*Task requirements*. Your job with the data below is to output exactly the lines from the one holding "Delicious Honey Garlic" down to the one holding "Hawaiian Hibiscus Honu", both included, and no others.

Stored records
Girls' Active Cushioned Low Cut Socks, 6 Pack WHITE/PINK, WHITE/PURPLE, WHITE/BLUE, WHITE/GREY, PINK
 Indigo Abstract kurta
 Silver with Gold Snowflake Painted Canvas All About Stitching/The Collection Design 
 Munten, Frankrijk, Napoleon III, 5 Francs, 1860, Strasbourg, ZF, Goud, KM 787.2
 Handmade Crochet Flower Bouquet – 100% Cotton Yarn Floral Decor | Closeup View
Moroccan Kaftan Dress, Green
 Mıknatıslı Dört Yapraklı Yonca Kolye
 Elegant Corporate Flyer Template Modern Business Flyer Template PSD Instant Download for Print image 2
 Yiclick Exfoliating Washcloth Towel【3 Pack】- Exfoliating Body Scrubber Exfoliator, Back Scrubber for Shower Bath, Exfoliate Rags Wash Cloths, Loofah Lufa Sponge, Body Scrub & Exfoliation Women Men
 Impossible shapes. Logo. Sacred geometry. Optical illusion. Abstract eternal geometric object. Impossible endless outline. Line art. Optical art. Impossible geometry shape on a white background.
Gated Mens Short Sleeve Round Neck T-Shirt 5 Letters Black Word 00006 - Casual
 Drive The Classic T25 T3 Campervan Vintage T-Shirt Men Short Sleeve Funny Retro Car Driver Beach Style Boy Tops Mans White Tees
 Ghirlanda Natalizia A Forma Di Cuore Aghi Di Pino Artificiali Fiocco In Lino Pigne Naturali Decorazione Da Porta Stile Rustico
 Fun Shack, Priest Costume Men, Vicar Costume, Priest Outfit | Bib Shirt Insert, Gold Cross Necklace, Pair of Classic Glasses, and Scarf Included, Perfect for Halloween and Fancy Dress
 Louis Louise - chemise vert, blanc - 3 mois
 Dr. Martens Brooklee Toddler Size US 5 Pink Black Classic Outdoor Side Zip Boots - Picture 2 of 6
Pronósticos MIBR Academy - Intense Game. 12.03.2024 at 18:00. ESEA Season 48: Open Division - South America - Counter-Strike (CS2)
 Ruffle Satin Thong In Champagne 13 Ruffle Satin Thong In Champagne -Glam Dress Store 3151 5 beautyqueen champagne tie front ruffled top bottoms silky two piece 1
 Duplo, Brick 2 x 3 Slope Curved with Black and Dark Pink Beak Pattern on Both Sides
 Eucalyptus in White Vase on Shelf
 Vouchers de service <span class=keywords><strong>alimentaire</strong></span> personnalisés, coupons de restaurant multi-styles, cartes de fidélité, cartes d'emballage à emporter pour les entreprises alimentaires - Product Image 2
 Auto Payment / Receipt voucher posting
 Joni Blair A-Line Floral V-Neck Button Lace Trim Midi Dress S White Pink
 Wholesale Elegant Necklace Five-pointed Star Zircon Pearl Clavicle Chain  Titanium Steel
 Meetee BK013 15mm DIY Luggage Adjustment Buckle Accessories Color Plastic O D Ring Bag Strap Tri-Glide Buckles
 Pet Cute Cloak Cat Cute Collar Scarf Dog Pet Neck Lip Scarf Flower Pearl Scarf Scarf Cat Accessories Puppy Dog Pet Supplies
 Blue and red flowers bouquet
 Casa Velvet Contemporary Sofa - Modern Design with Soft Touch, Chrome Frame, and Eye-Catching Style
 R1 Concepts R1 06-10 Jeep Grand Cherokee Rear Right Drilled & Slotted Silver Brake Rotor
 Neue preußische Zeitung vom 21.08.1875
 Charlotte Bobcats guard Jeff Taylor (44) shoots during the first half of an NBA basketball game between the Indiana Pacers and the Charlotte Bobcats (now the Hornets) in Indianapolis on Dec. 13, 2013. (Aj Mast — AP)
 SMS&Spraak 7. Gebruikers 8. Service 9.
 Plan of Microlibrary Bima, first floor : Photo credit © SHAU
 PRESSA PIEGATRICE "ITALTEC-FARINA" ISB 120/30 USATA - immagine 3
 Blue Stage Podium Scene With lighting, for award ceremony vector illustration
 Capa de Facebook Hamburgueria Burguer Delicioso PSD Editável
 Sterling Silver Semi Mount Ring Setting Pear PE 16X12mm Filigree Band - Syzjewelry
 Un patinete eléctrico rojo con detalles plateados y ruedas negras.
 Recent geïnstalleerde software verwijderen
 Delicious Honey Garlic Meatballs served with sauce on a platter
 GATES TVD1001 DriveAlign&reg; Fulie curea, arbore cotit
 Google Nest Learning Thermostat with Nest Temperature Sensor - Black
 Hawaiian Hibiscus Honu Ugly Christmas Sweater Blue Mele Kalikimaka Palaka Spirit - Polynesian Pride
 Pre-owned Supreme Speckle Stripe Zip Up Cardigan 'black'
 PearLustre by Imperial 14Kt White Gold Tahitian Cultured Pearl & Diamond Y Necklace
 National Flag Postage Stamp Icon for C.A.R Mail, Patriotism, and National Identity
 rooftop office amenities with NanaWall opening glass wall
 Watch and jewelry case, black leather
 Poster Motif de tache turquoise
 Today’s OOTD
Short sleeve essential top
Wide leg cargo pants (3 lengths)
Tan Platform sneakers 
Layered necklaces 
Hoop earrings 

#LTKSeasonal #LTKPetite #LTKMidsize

*Solution to the exercise*.
 Delicious Honey Garlic Meatballs served with sauce on a platter
 GATES TVD1001 DriveAlign&reg; Fulie curea, arbore cotit
 Google Nest Learning Thermostat with Nest Temperature Sensor - Black
 Hawaiian Hibiscus Honu Ugly Christmas Sweater Blue Mele Kalikimaka Palaka Spirit - Polynesian Pride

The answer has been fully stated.